“你是誰?來我這是想干什么?!”花哥聲音聽著很是虛弱。
“干什么?”道長慢慢咀嚼這三個字,揪了揪花哥身上兩枚紅粒,伸手描摹花哥長眉上已然綻放的花紋,以前這里是含苞待放狀,現下花紋開得繁麗,自然是因為被他開了苞了啊哈哈哈*≧▽≦。

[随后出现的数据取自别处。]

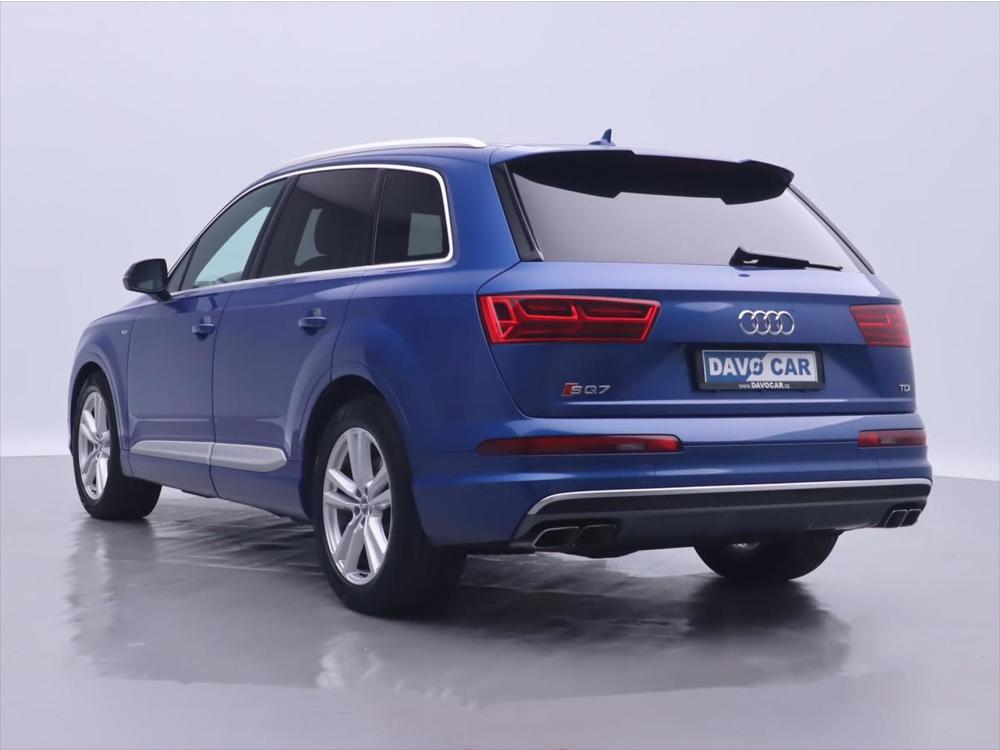 Audi SQ7 4,0 TDI 320kW Quattro 7-Mst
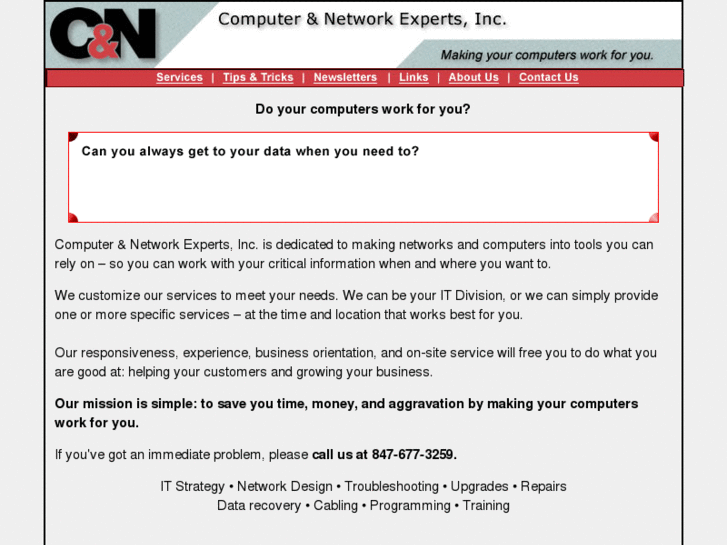 www.comp-net-experts.com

接著純陽又往下摸到仍被含著的花莖,萬花吃痛皺眉,只聽得看不清面目的黑影在他耳邊曖昧道,“還能干什么?當然是,干你了* ̄︶ ̄”
說著道長又抬臀伸腳對勾勾纏纏磨蹭,磨得花莖又硬挺起來,于是帶著神智半清醒半混沌的花哥又是一輪征伐討索,這回可不是剛剛那種迷奸了,雖然迷著人安全,但是果然還是有反應更爽。
花哥的微弱反抗全被道長當做情趣,甚至將花哥逼出更多呻吟試做享受,直到黎明將至,花哥沉沉睡去,道長才收拾掉可能會暴露他身份的罪證,抖抖羊毛,溜之大吉了。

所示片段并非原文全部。